**Your goal:** The answer must consist solely of the lines below starting at the one containing "Fototapeta na wymiar" and ending at the one containing "NWT ELLIOTT LAUREN", repeated exactly, with both ends included and all pictures omitted.

Segment Start: Dataset entries

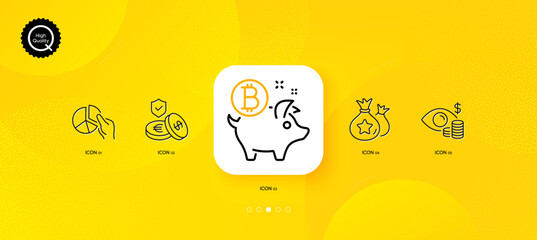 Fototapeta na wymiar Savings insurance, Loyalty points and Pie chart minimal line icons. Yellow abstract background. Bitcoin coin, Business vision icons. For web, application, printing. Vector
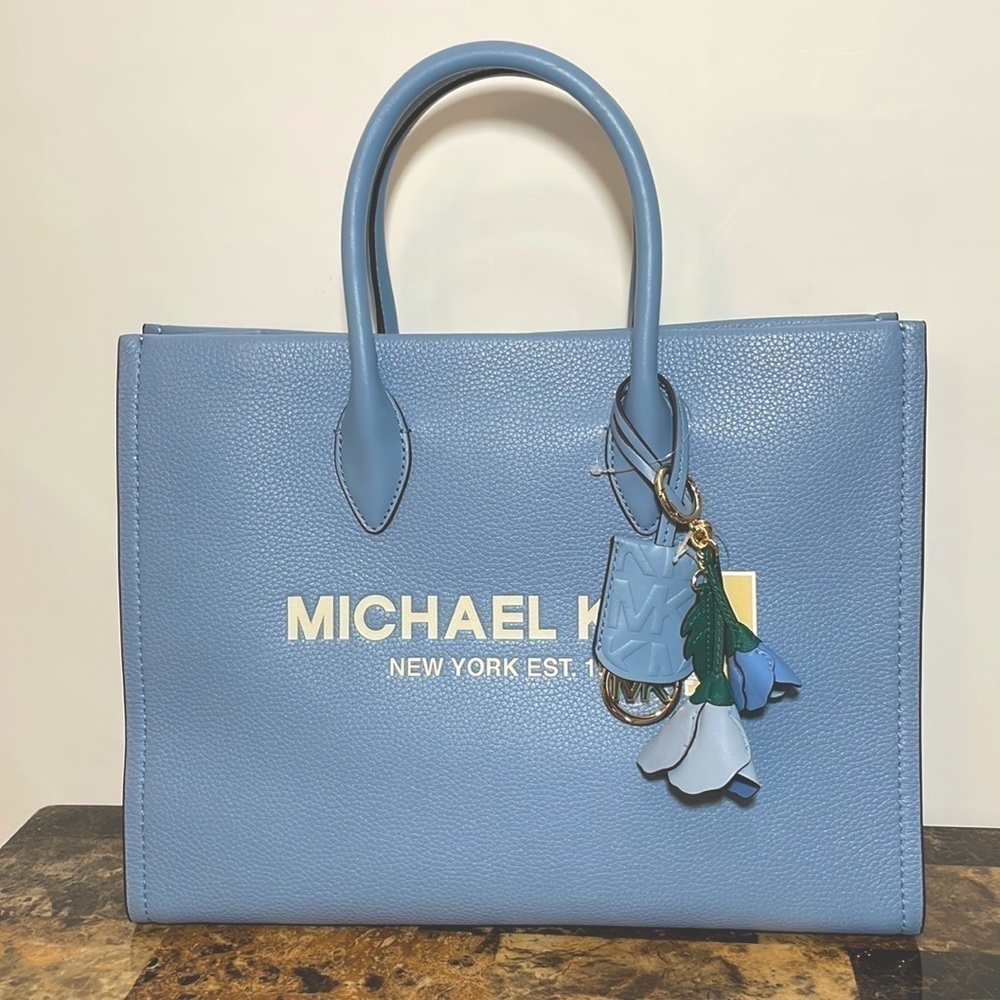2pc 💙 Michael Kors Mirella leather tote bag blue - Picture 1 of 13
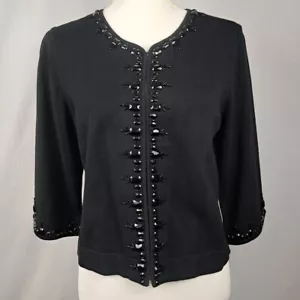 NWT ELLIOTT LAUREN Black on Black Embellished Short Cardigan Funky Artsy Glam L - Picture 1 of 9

Segment End: Dataset entries
Segment Start: Dataset entries

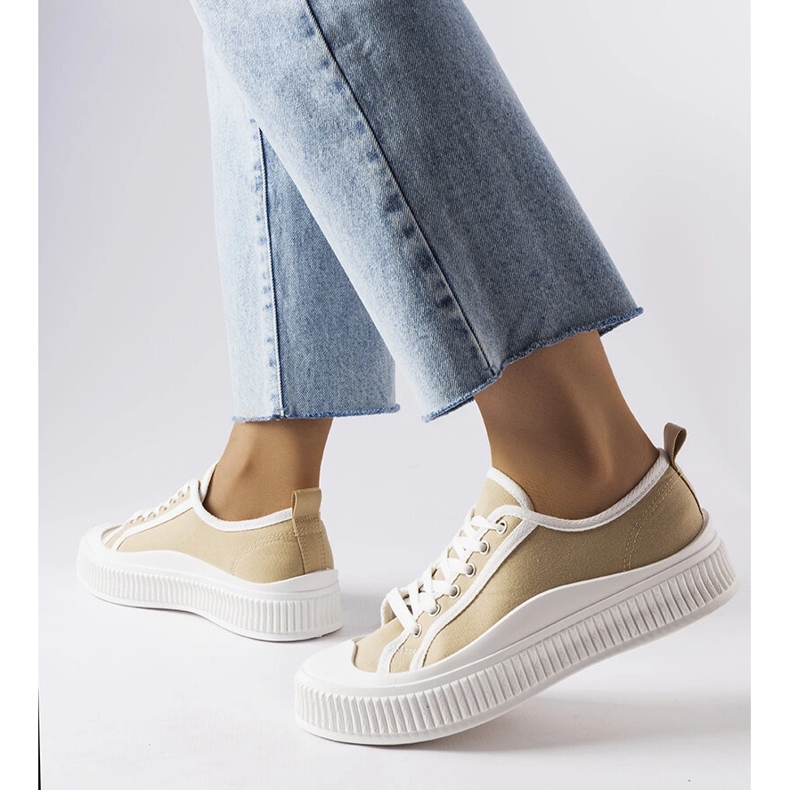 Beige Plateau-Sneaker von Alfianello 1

Segment End: Dataset entries
Segment Start: Dataset entries

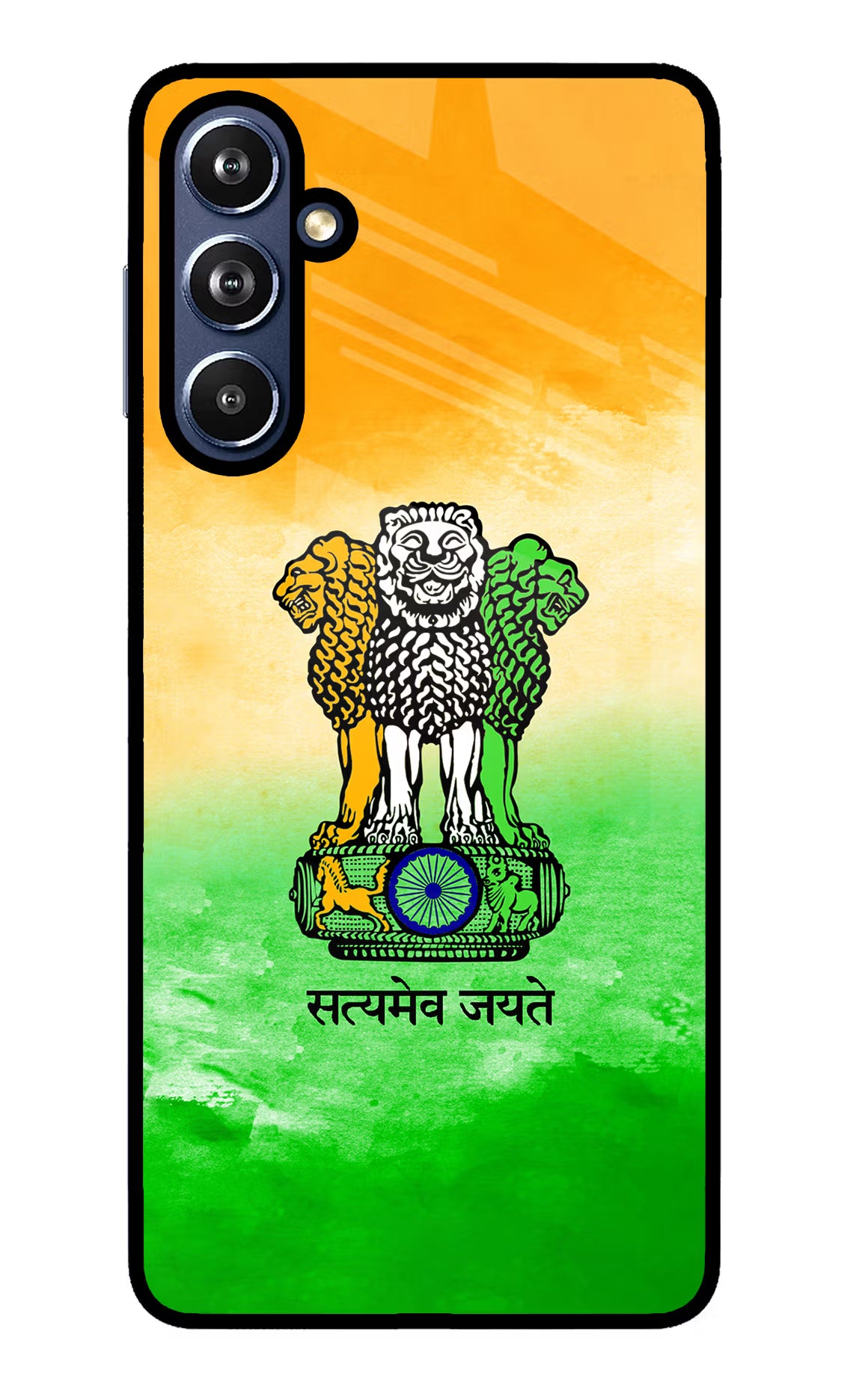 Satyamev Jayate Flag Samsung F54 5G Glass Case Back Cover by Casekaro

Segment End: Dataset entries

**Finished exercise:**
 Fototapeta na wymiar Savings insurance, Loyalty points and Pie chart minimal line icons. Yellow abstract background. Bitcoin coin, Business vision icons. For web, application, printing. Vector
2pc 💙 Michael Kors Mirella leather tote bag blue - Picture 1 of 13
 NWT ELLIOTT LAUREN Black on Black Embellished Short Cardigan Funky Artsy Glam L - Picture 1 of 9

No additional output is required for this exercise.